= ABOUT THIS EXERCISE =
Type again, exactly, the lines below from the start through the line that includes "Balance Athletica Black".

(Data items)
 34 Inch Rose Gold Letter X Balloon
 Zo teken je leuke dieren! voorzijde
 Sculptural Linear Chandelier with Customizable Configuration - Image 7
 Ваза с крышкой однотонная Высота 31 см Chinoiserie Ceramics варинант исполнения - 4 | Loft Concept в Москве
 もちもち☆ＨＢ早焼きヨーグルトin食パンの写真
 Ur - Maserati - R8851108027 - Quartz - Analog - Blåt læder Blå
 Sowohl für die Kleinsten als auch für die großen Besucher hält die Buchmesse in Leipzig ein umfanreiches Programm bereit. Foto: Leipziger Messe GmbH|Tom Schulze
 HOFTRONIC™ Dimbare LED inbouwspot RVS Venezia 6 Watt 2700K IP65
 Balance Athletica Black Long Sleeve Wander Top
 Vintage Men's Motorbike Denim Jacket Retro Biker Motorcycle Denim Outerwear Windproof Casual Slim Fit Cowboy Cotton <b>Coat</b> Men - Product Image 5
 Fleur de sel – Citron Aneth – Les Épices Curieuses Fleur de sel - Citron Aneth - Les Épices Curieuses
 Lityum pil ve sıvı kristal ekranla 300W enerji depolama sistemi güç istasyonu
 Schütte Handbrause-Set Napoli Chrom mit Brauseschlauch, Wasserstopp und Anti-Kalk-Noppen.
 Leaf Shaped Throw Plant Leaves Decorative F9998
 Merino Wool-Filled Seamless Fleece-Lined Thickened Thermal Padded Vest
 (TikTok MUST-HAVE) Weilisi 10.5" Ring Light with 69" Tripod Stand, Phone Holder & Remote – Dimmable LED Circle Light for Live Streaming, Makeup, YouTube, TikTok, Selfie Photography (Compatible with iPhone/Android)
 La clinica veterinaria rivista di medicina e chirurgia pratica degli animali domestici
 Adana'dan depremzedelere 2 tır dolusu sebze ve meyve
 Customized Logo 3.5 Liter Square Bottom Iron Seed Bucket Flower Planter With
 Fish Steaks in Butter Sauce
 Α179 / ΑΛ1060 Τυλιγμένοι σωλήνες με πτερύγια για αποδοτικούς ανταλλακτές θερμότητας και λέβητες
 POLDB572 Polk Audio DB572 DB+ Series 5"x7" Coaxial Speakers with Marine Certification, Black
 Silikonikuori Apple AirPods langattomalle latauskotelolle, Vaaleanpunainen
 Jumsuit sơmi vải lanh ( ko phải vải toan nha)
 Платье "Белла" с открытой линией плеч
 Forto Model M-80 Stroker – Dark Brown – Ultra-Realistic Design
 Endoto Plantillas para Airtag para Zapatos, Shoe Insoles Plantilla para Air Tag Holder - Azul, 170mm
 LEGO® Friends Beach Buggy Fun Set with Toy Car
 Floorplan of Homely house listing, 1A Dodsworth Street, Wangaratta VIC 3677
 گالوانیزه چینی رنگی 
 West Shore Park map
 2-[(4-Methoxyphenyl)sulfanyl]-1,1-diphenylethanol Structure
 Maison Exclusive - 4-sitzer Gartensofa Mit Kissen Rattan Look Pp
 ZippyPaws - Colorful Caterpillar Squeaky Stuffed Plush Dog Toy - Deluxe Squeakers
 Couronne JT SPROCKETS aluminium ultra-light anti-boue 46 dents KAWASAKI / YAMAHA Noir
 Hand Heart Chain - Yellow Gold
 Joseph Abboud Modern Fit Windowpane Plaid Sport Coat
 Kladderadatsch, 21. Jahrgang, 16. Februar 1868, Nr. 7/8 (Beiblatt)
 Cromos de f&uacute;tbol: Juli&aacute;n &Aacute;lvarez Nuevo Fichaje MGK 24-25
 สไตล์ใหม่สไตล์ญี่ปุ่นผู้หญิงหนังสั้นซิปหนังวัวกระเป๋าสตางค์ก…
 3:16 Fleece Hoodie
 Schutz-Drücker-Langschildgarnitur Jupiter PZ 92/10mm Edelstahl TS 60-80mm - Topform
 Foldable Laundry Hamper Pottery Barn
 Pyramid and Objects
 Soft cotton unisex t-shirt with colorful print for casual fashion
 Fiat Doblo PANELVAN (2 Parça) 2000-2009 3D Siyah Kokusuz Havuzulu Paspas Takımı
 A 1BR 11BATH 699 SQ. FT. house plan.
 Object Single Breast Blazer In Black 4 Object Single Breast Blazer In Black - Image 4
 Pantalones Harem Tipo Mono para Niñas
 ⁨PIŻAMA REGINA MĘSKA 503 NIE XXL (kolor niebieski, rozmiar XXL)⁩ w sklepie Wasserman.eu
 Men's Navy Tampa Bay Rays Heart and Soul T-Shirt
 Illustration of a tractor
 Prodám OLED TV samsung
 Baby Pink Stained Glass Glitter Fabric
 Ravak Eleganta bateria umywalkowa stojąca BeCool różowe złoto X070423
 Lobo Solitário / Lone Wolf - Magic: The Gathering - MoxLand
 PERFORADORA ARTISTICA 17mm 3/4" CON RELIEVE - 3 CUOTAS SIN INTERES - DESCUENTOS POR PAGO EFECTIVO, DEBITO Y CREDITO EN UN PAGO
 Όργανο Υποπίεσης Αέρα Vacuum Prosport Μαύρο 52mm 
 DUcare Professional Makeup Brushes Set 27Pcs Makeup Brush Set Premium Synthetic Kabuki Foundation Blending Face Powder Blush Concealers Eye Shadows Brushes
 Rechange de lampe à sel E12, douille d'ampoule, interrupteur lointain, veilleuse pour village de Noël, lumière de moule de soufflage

= RESULT =
 34 Inch Rose Gold Letter X Balloon
 Zo teken je leuke dieren! voorzijde
 Sculptural Linear Chandelier with Customizable Configuration - Image 7
 Ваза с крышкой однотонная Высота 31 см Chinoiserie Ceramics варинант исполнения - 4 | Loft Concept в Москве
 もちもち☆ＨＢ早焼きヨーグルトin食パンの写真
 Ur - Maserati - R8851108027 - Quartz - Analog - Blåt læder Blå
 Sowohl für die Kleinsten als auch für die großen Besucher hält die Buchmesse in Leipzig ein umfanreiches Programm bereit. Foto: Leipziger Messe GmbH|Tom Schulze
 HOFTRONIC™ Dimbare LED inbouwspot RVS Venezia 6 Watt 2700K IP65
 Balance Athletica Black Long Sleeve Wander Top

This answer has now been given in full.